* [Dataset records]:
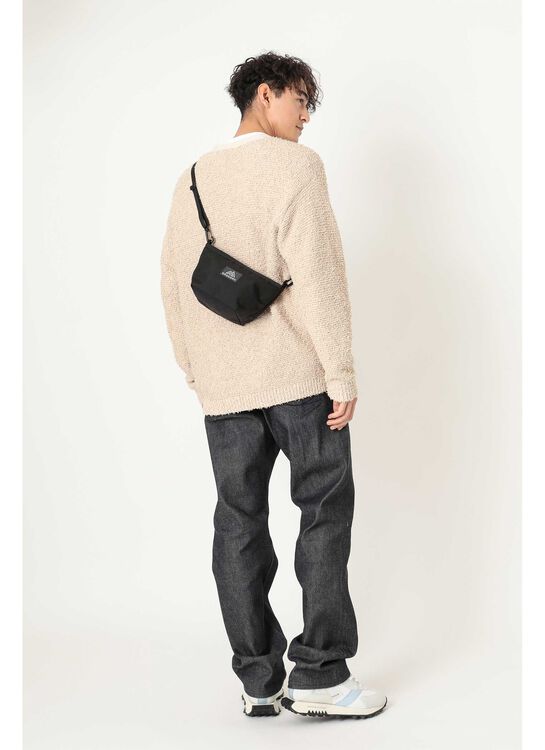 CLASSIC BAGS イージーショルダー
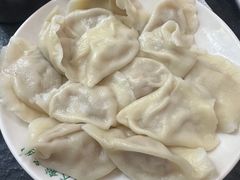 -东北农业大学饺子园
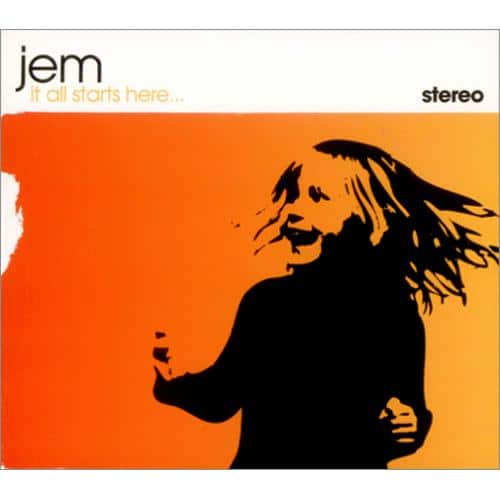 Jem+It+All+Starts+Here+418729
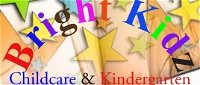 Bright Kidz Childcare and Kindergarten - Child Care Find
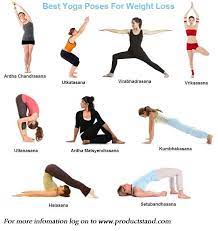 For 10 minutes of yoga a day, the calorie burn will be very low. Calories Burned In Yoga Poses Yogawalls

* [Directions for this task]: With all pictures excluded, output exactly the lines from the one containing "Bright Kidz Childcare" through the final line of the entries, inclusive.

* [Solution]:
 Bright Kidz Childcare and Kindergarten - Child Care Find
 For 10 minutes of yoga a day, the calorie burn will be very low. Calories Burned In Yoga Poses Yogawalls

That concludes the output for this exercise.